Makalah Dimensi Sabda Dan Perbuatan Rosul


                                DIMENSI PSIKIS SABDA DAN PERBUATAN RASUL

        Pendahuluan
Dalam tradisi ilmu hadis, untuk menentukan kualitas sebuah hadis diperlukan serangkaian penelitian, baik menggunakan metode atau kaidah yang digunakan untuk menentukan kualitas sanad maupun metode untuk menentukan kualitas matan. Hal ini dilakukan karena kualitas keduanya tidak selalu sejalan. Tidak berhenti disitu, jika dilihat secara seksama akan terlihat bahwa ungkapan, perilaku dan ketetapan Nabi saw, selain bersifat lokal dan temporal juga bersifat universal. Pemahaman terhadap berbagai peristiwa disekeliling beliau tersebut jika dihubungkan dengan latar belakang terjadinya maka ada yang harus diterapkan secara tekstual dan ada yang harus ditetapkan secara kontekstual pada masa sekarang.
Dalam pada itu, adalah sebuah keniscayaan bahwa memahami sebuah hadis tidak cukup hanya melihat teks hadis namun juga perlu memperhatikan konteksnya karena tidak jarang ada hadis yang secara tekstual nampak bertentangan (mukhtalif) atau sulit dipahami (gharib). Nah ketika hadis itu memiliki asbab wurud, setidaknya dapat diraba kepada siapa hadis itu disampaikan dan dalam kondisi sosio-kultural yang bagaimana Nabi menyampaikannya. Hal itu perlu dikaji untuk menangkap pesan moral di dalamnya.
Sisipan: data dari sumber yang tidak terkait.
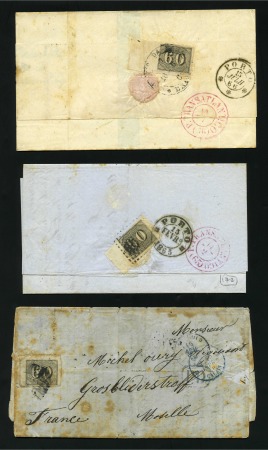 1865-70. Three transatlantic covers bearing 1850 60r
Tanpa memperhatikan konteks historisitas tersebut, terkadang akan ditemui kesulitan dalam menangkap dan memahami makna suatu hadis, bahkan dapat membawa ke dalam pemahaman yang barangkali kurang sesuai.

 Pembahasan
Tema yang  akan dijelaskan pemakalah adalah bagaimana memahami hadits melalui pendekatan psikologi. Yang dimaksud dengan pendekatan psikologi dalam pemahaman hadits adalah memahami hadits memperhatikan kondisi psikologis Nabi Muhammad saw  dan masyarakat yang dihadapi Nabi ketika hadits tersebut disabdakan.  Sebelum masuk kepermasalah tersebut kita harus mengetahui fungsi hadits itu sendiri.  Kedudukan Nabi sebagai penjelas al-Qur’an sangat logis, karena Nabi Muhammad tidak seperti “pak pos” yang hanya mementingkan sampainya surat tersebut.
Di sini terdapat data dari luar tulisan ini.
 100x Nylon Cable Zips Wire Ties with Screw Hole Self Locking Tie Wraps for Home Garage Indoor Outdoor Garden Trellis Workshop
Samapainya hadits Nabi Saw kepada kita, ada yang memiliki sebab khusus dan ada yang datang tanpa sebab khusus. Sebab-sebab, peristiwa, kondisi atau pernyataan yang melatarbelakangi Nabi Saw menyampaikan  sabdanya kepada para sahabat. Hal itu sangatlah penting diketahui, untuk mencari relevansi antara bunyi teks hadits dengan konteksnya masa lalu.[1]
Sebelumnya ketika seseorang ingin mengetahui maksud atau pesan moral dari suatu hadits, maka memperhatikan konteks kepada siapa hadits tersebut disampaikan Nabi Saw,dalam kondisi sosio-kultural yang meliputinya. Tanpa memperhatikan konteks tersebuk, seseorang akan kesulitan ketika memahami maksud suatau hadits, bahkan ia dapat terpelosok ke dalam pemahaman yang keliru. Maka sagatlah penting mengetahui Asbabul Wurud dalam memahami hadits, sebagaimana pentingnya Asbabul Nuzul dalam memahami al-Qur’an.
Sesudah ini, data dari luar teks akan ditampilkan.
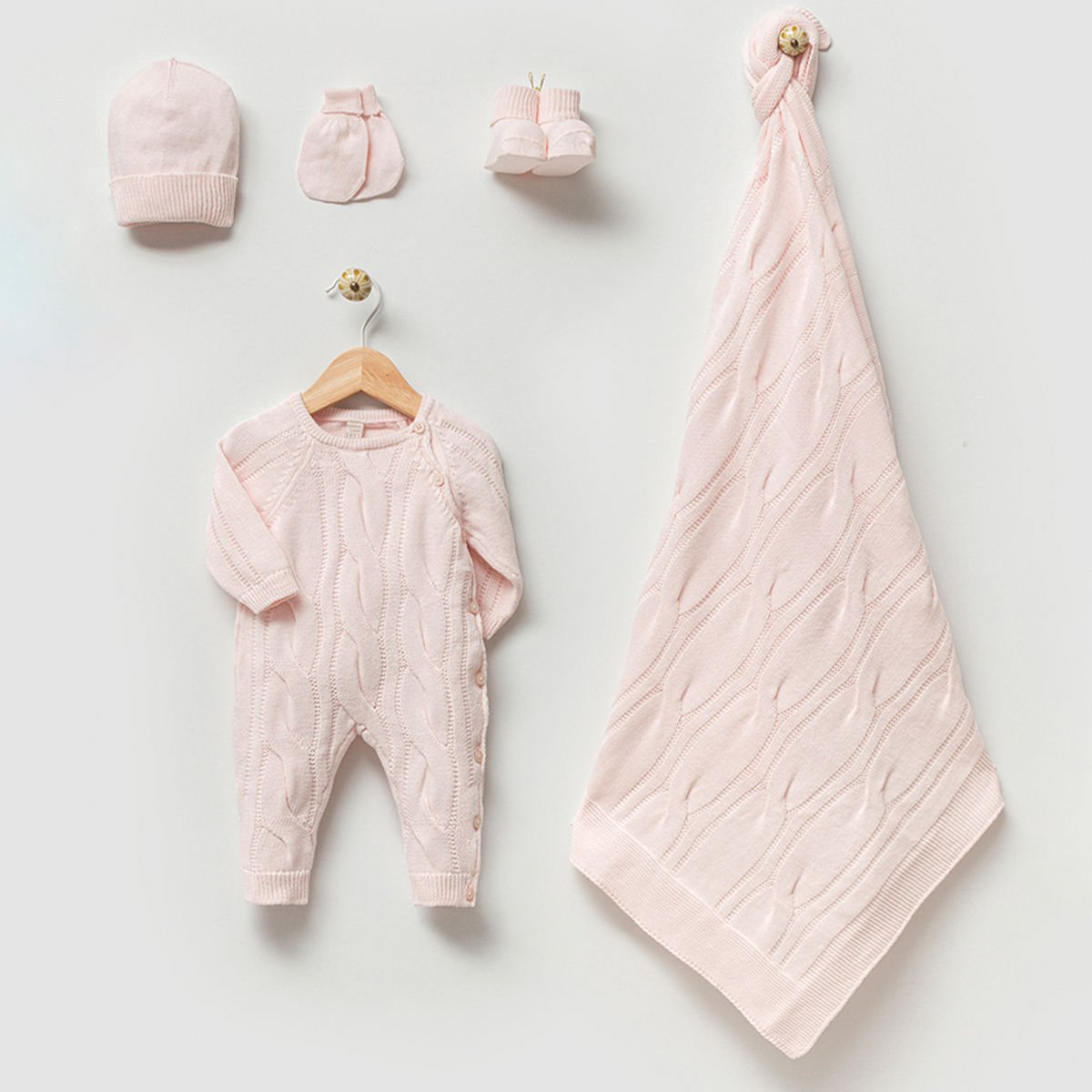 Organik Triko Pembe Hastane Çıkışı- 5 Parça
Nabi Muhammad sebagai seorang Rasul yang di utus oleh Allah pada umat untuk menjadi pelipur lara dan petunjuk. Sehingga masyarakat yang telah mempercayai kerasulannya mencari solusi dalam permasalahannya kepada Nabi Muhammad, ucapan, perilaku, dan ketetapan rasul dijadikan pedoman dalam kehidupan karena segala bentuk perilaku yang dilakukan oleh rasulullah telah dijamin kewahyuannya yang telah disabdakan dalam ayat al-Quran yang berbunyi


وما ينطق عن الهوى ان هو الا وحي يوحى
 Artinya: “Dan tiadalah yang diucapkannya itu menurut kemauan hawa nafsunya. (An-Najm)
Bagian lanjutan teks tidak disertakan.